In order to create a full search solution, beyond the search engine, data retrieval is the very first step. It is conceptually close to ETL or MDM. Its aim is to fetch the data, be it multisource or multiformat, hand it over the indexing engine, manage access security and keep track of the already indexed data.

This needed is strong enough to push the open source community to collaborate on open source frameworks, supported by communities of users and developpers. Among these frameworks, we can cite Aperture, Google Connector Framework and Apache ManifoldCF. Datafari uses the latter to crawl data and for the documents security.

As indicated in its name, Apache ManifoldCF is an Apache foundation project. Originally created solelly to send data to Lucene/Solr, it then evolved to become a standalone project.


You can get more information on the Apache ManifoldCF website. Apache ManifoldCF retrieves the data from different information systems, proposes a framework that enables the addition of new connectors, and manages the retrieval of the ACLs and the connexion to LDAP/AD.
It is under Apache v2 open source licence. France Labs offers its expertise to install, configure, extend and maintain Apache ManifoldCF on your systems.

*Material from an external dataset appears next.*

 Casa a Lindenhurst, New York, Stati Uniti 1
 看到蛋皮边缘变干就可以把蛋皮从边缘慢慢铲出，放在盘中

Among the off the shelf connectors, Apache ManifoldCF proposes Sharepoint, Databases, fileshares, and emails. It proposes a GUI to configure the connectors, traversal time windows, number of documents fetched by crawl cycle, and regex to filter documents.

In which case should you use Apache ManifoldCF

Apache ManifoldCF is recommended when you need to indexed data from several heterogeneous sytems, or when you are anticipating an evolution of your information system. This framework is also well documented, removing the issue of relying on engineers that have homemade their own framework with no documentation.